> [Task item] Copy each line below in which the word "Gold" occurs.
Input data START
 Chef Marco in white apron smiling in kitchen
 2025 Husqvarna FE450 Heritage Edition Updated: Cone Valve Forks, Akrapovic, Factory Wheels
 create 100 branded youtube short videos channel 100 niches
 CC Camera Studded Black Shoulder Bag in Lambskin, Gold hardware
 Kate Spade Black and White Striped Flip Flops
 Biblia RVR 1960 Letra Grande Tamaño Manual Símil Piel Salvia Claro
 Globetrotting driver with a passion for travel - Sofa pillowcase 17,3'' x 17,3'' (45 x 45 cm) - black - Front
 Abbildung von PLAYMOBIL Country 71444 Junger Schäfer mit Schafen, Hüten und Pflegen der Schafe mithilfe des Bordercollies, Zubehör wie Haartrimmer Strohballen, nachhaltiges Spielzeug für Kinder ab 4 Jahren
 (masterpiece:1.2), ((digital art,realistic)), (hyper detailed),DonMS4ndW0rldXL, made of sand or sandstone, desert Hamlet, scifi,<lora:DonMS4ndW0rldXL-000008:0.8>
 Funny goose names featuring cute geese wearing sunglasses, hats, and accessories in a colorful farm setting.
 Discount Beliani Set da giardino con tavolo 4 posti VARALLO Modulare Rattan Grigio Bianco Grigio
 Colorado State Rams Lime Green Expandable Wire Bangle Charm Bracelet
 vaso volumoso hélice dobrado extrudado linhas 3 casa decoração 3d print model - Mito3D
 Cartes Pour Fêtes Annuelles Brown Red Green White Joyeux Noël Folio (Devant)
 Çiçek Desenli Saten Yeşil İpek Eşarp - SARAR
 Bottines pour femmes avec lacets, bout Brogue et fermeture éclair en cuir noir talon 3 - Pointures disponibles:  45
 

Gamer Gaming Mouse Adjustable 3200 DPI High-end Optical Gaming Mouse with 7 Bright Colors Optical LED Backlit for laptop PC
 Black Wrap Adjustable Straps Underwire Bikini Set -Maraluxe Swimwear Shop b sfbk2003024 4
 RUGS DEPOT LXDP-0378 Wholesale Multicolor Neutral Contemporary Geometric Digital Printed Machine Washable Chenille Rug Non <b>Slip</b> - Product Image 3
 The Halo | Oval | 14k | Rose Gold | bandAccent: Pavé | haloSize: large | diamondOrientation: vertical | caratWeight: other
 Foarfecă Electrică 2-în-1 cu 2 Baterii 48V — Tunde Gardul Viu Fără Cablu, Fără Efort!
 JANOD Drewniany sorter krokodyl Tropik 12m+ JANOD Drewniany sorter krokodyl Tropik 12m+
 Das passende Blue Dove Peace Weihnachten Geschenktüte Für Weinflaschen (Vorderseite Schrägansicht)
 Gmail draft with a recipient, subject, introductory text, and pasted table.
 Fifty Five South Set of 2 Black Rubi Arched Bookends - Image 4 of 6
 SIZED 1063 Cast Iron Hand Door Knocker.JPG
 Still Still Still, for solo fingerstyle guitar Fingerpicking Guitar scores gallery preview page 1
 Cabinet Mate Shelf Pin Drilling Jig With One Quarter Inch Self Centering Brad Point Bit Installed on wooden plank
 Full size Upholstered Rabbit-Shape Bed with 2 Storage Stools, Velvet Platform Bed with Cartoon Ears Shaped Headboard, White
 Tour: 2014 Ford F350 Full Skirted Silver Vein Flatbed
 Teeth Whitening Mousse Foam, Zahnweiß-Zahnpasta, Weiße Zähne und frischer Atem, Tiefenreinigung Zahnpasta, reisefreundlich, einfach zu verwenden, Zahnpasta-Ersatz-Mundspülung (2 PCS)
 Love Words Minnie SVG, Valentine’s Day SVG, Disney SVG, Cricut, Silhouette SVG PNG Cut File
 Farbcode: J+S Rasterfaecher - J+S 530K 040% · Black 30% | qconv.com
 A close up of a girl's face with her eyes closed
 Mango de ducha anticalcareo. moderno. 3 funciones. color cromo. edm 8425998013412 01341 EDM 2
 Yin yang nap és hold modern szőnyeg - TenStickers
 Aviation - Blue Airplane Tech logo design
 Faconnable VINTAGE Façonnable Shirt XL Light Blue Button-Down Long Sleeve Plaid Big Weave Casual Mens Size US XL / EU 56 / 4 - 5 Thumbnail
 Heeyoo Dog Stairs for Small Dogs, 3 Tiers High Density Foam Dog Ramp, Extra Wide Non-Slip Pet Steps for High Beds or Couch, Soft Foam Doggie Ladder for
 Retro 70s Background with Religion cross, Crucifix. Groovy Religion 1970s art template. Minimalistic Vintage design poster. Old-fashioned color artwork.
Input data END
> [Written response]
 CC Camera Studded Black Shoulder Bag in Lambskin, Gold hardware
 The Halo | Oval | 14k | Rose Gold | bandAccent: Pavé | haloSize: large | diamondOrientation: vertical | caratWeight: other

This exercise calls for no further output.